Though he’s received national attention for opposing some of Trump’s executive orders and cabinet nominees, Murphy said Friday in Shelton that not everything in Washington, D.C., has to be contentious.
“It doesn’t mean it’s a fight on everything,” Murphy said at a town hall-style meeting of about 50 employees at Lex Products Corp. “To me, this is an opportunity to work together.”
Murphy told workers at Lex, which creates portable work lighting, cable ramps and other products for the U.S. military, that they are doing “complicated, mission-critical” work that protects the troops.
“I hope you’re proud of that,” he said.
Murphy took a few questions on a range of issues, from healthcare to the future of Connecticut manufacturing and the state of vocational education for the next generation of manufacturers.
On healthcare, Murphy said he’ll work to see that those who took advantage of the Affordable Care Act aren’t left with nothing should Trump dismantle the system.

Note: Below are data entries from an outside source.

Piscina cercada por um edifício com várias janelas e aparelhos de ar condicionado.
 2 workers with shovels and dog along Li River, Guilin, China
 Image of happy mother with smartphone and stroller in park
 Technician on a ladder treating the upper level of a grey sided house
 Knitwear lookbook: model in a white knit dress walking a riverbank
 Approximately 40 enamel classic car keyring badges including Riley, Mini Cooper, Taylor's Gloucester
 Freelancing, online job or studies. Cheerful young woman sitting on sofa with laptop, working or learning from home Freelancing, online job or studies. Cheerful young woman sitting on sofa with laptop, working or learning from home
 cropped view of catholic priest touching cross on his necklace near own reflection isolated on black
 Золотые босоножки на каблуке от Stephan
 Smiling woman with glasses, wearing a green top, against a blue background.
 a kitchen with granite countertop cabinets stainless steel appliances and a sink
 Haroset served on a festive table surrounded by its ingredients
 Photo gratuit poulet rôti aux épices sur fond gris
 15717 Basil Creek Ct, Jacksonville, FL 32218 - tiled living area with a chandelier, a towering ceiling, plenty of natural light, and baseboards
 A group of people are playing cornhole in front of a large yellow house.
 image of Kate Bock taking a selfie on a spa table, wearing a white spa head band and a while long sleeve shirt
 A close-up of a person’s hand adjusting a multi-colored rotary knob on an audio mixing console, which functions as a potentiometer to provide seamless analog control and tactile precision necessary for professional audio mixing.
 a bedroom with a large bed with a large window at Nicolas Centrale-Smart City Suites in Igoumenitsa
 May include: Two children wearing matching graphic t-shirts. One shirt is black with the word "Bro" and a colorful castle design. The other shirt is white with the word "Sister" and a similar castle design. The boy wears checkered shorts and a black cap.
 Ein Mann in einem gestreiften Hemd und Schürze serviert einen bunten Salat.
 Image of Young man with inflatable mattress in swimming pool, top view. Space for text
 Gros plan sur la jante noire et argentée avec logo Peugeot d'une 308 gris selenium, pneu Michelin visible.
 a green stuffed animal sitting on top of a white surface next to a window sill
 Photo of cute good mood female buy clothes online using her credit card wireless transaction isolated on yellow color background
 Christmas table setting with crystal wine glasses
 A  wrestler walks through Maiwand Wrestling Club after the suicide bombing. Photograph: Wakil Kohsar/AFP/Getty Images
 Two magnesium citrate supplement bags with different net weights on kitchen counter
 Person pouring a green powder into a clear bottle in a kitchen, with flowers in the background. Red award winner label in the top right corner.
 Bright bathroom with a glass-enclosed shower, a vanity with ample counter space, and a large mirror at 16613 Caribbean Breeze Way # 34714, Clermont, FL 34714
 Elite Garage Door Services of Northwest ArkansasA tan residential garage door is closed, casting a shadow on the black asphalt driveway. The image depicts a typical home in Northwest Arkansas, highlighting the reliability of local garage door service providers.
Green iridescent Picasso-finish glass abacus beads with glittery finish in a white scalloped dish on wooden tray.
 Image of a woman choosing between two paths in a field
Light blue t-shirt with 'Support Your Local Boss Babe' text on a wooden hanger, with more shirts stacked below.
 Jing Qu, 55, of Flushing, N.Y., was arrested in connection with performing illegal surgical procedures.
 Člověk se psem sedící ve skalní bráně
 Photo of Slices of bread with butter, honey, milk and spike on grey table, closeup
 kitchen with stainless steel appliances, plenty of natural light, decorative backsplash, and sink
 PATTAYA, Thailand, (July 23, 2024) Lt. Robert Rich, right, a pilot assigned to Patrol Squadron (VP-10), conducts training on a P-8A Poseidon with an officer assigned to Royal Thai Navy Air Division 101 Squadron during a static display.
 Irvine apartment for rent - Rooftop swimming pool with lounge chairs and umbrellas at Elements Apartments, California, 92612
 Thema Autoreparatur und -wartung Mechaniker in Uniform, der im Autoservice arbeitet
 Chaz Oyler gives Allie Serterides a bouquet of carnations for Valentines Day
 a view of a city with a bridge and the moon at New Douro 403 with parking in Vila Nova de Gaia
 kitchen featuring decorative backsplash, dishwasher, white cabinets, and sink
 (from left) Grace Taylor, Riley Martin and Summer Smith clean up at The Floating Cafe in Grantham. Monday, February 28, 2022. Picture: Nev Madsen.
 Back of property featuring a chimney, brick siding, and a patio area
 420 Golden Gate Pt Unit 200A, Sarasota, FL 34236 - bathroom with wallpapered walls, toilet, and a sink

“I want to sit down with the Republicans and fix what’s wrong with the Affordable Care Act,” he said.
The senator said Connecticut needs more pathways to the engineering degrees and vocational education needed to prepare employees to work in manufacturing. Today’s high school students need to know there are good-paying jobs in manufacturing — although they are in industrial parks, instead of the factories and plants of the past.
“A liberal arts degree is not right for everyone,” he said.
Murphy took a quick tour of the company, stopping to take photos and shake hands with employees.
Lex CEO Bob Luther welcomed Murphy, noting the senator had shined a spotlight on the Shelton company on his website recently.
“Senator Murphy has been very open and helpful to us,” he said.